Couldn't have said it better myself.
Here's Nike with yet another awesome commercial:
http://www.youtube.com/watch?v=_-EyRUgp9Mk
Here's a short article by Eric Cressey that I really like.
The 23/1 Rule
The 23/1 rule states that although you may do everything
perfectly from a technique standpoint while you're in the gym for ONE hour per
day, you have TWENTY-THREE hours to do everything incorrectly outside the gym.
This is especially applicable to the desks jockeys who spend 8-10 hours per day
at the computer using poor posture. Make a point of getting up and moving around
as often as you can. Reach up to the sky, walk around, and do some doorway
stretches for your pecs and lats. The best posture is the one that's constantly
changing!- Eric Cressey
He speaks to what I emphatically believe, that athleticism is truly a lifestyle. Athletes don't stop being athletic when they leave the gym/field. Athletes move always with a proper, athletic gait. Athletes sit, reach, twist, & bend with an athletic posture. Postural control isn't something you only have when you're playing sports, it's something you practice and perfect all throughout your day. Yoga practitioners seem to grasp this concept best, as a direct result of the emphasis that's placed upon correct posture during poses.
Here's a great article on where to look while squatting, really good information for everyone, not just beginners. Remember, where your eyes go, your neck follows. And where your neck goes, your spine follows.
http://stronglifts.com/where-to-look-during-squats/
and another one on pushups:
http://stronglifts.com/how-to-perform-push-ups-correctly/
Workout:
Movement Prep: changed it up this morning and shot hoops at my gym for 15 minutes to warm up, just moving with the ball and shooting mid-range jumpers & finger-rolls. Basketball, such a fun game and a really effective way to warm the entire body up.
Med-ball:
20 sumo-squat tosses
20 front-squat tosses
15 side-twist tosses against wall each side (in backhand throw position)
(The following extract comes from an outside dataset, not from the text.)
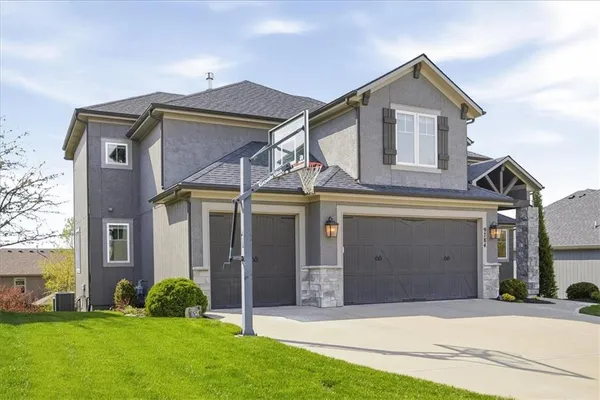 $949,900 | 9784 Houston Street, Lenexa, KS 66227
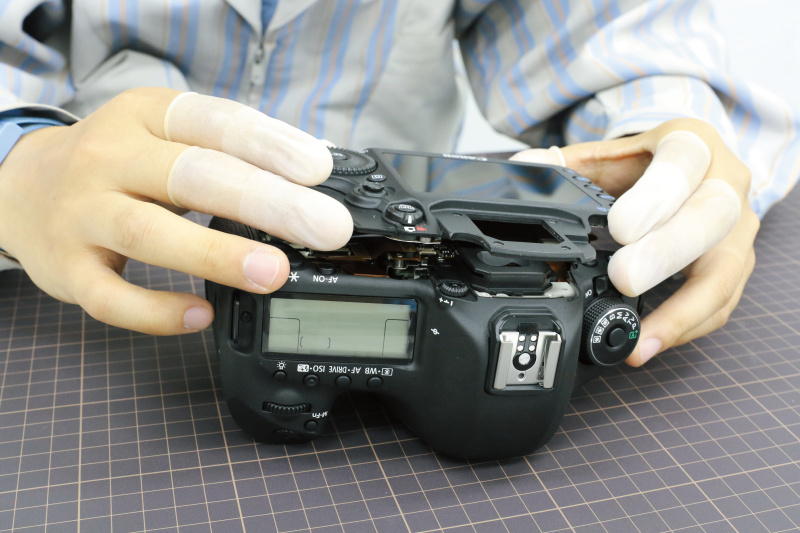 分解。内部の状態を検査するため、部品単位まで分解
20 sumo-squat backwards tosses against wall
10 front-squat 1 hand tosses (each hand)
Catch every throw with an emphasis on catching it with soft hands, accepting the energy of the ball, not fighting it.
Plyos:
1A: split-squat jumps
1B: plyo pushups
twice through, resting after pushups
2A: Box jumps w/1 foot'd landings
2B: Superman pushups
twice through, resting after pushups
Functional lifts:
1: Hang Clean w/jerk: 6,4,4
2. Lateral Step-ups w/crossover: 8,8 each leg
3. Deadlifts: 8,8,6,4,4,4.
Circuit:
Finished with a circuit of:
Dips
Pullups
GHD's
GHD situps
Side twists w/weight
Side plank raises-12 each side
Two times through, resting only if necessary.
This week:
Monday: Workout above
Tuesday: Field work w/lateral movement emphasis
Wednesday: Goaltimate w/short yardage sprints afterwards.
Thursday: Weights w/elastic & reactive strength emphasis
Friday: Recovery
Saturday/Sunday: Condor Tryouts
Fired up that the pre-season is just around the corner. Curious to see who has been working out in the off-season, and who is going to get exposed. Most of all just excited to see the boys all together again, working towards something all bigger than ourselves. Also really excited to see new faces and what talent they can potentially bring to the squad. This year's going to be a fun one!